Task description » Give back all of the data exactly as it appears here.

Data records:

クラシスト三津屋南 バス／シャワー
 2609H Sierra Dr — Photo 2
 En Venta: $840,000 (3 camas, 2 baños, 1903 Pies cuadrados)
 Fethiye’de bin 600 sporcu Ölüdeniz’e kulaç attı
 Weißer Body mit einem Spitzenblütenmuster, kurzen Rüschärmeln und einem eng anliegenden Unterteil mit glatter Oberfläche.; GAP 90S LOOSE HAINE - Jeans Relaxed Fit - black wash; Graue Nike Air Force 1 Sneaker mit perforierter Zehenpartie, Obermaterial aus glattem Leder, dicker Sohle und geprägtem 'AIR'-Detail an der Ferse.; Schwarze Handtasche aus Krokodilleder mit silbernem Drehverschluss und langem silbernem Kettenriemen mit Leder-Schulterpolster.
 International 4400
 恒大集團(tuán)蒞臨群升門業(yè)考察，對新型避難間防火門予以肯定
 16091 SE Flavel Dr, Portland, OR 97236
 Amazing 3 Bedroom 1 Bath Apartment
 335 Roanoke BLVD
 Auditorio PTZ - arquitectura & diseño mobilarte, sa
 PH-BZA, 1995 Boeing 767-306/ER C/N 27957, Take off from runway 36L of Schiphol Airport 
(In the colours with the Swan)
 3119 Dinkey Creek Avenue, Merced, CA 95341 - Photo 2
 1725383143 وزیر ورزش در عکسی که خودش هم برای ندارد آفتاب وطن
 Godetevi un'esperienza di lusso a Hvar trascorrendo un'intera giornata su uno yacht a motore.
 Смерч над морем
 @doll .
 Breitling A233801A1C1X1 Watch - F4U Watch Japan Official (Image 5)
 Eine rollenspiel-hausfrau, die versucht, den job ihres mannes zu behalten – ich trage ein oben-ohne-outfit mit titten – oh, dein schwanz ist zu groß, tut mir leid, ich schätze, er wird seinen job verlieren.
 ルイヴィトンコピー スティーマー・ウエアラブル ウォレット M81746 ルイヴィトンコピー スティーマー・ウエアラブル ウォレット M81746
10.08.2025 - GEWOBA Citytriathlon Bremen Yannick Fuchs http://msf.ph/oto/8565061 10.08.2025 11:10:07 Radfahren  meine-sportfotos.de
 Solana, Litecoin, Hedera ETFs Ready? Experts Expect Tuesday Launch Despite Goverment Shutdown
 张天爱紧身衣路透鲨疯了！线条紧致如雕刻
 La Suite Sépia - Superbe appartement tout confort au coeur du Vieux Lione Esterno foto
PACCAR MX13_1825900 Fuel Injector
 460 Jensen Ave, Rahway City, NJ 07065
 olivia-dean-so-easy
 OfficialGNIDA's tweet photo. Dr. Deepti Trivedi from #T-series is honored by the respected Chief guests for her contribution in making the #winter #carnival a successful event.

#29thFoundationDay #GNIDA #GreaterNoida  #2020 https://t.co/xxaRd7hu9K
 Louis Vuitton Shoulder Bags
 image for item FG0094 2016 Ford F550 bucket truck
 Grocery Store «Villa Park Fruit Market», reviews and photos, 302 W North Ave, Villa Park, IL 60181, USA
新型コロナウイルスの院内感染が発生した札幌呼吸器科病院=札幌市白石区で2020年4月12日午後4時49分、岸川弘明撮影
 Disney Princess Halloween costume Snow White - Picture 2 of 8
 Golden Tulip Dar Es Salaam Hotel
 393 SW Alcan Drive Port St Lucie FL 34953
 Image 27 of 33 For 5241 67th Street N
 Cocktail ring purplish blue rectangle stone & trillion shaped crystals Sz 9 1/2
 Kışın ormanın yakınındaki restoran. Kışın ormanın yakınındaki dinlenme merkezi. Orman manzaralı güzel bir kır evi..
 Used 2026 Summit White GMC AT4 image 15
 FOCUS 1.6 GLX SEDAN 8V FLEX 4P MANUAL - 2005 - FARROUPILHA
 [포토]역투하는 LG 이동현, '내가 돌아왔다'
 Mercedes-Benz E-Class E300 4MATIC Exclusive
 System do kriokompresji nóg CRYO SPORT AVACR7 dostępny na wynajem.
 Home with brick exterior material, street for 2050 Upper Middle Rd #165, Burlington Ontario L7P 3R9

Solution to the exercise »
クラシスト三津屋南 バス／シャワー
 2609H Sierra Dr — Photo 2
 En Venta: $840,000 (3 camas, 2 baños, 1903 Pies cuadrados)
 Fethiye’de bin 600 sporcu Ölüdeniz’e kulaç attı
 Weißer Body mit einem Spitzenblütenmuster, kurzen Rüschärmeln und einem eng anliegenden Unterteil mit glatter Oberfläche.; GAP 90S LOOSE HAINE - Jeans Relaxed Fit - black wash; Graue Nike Air Force 1 Sneaker mit perforierter Zehenpartie, Obermaterial aus glattem Leder, dicker Sohle und geprägtem 'AIR'-Detail an der Ferse.; Schwarze Handtasche aus Krokodilleder mit silbernem Drehverschluss und langem silbernem Kettenriemen mit Leder-Schulterpolster.
 International 4400
 恒大集團(tuán)蒞臨群升門業(yè)考察，對新型避難間防火門予以肯定
 16091 SE Flavel Dr, Portland, OR 97236
 Amazing 3 Bedroom 1 Bath Apartment
 335 Roanoke BLVD
 Auditorio PTZ - arquitectura & diseño mobilarte, sa
 PH-BZA, 1995 Boeing 767-306/ER C/N 27957, Take off from runway 36L of Schiphol Airport 
(In the colours with the Swan)
 3119 Dinkey Creek Avenue, Merced, CA 95341 - Photo 2
 1725383143 وزیر ورزش در عکسی که خودش هم برای ندارد آفتاب وطن
 Godetevi un'esperienza di lusso a Hvar trascorrendo un'intera giornata su uno yacht a motore.
 Смерч над морем
 @doll .
 Breitling A233801A1C1X1 Watch - F4U Watch Japan Official (Image 5)
 Eine rollenspiel-hausfrau, die versucht, den job ihres mannes zu behalten – ich trage ein oben-ohne-outfit mit titten – oh, dein schwanz ist zu groß, tut mir leid, ich schätze, er wird seinen job verlieren.
 ルイヴィトンコピー スティーマー・ウエアラブル ウォレット M81746 ルイヴィトンコピー スティーマー・ウエアラブル ウォレット M81746
10.08.2025 - GEWOBA Citytriathlon Bremen Yannick Fuchs http://msf.ph/oto/8565061 10.08.2025 11:10:07 Radfahren  meine-sportfotos.de
 Solana, Litecoin, Hedera ETFs Ready? Experts Expect Tuesday Launch Despite Goverment Shutdown
 张天爱紧身衣路透鲨疯了！线条紧致如雕刻
 La Suite Sépia - Superbe appartement tout confort au coeur du Vieux Lione Esterno foto
PACCAR MX13_1825900 Fuel Injector
 460 Jensen Ave, Rahway City, NJ 07065
 olivia-dean-so-easy
 OfficialGNIDA's tweet photo. Dr. Deepti Trivedi from #T-series is honored by the respected Chief guests for her contribution in making the #winter #carnival a successful event.

#29thFoundationDay #GNIDA #GreaterNoida  #2020 https://t.co/xxaRd7hu9K
 Louis Vuitton Shoulder Bags
 image for item FG0094 2016 Ford F550 bucket truck
 Grocery Store «Villa Park Fruit Market», reviews and photos, 302 W North Ave, Villa Park, IL 60181, USA
新型コロナウイルスの院内感染が発生した札幌呼吸器科病院=札幌市白石区で2020年4月12日午後4時49分、岸川弘明撮影
 Disney Princess Halloween costume Snow White - Picture 2 of 8
 Golden Tulip Dar Es Salaam Hotel
 393 SW Alcan Drive Port St Lucie FL 34953
 Image 27 of 33 For 5241 67th Street N
 Cocktail ring purplish blue rectangle stone & trillion shaped crystals Sz 9 1/2
 Kışın ormanın yakınındaki restoran. Kışın ormanın yakınındaki dinlenme merkezi. Orman manzaralı güzel bir kır evi..
 Used 2026 Summit White GMC AT4 image 15
 FOCUS 1.6 GLX SEDAN 8V FLEX 4P MANUAL - 2005 - FARROUPILHA
 [포토]역투하는 LG 이동현, '내가 돌아왔다'
 Mercedes-Benz E-Class E300 4MATIC Exclusive
 System do kriokompresji nóg CRYO SPORT AVACR7 dostępny na wynajem.
 Home with brick exterior material, street for 2050 Upper Middle Rd #165, Burlington Ontario L7P 3R9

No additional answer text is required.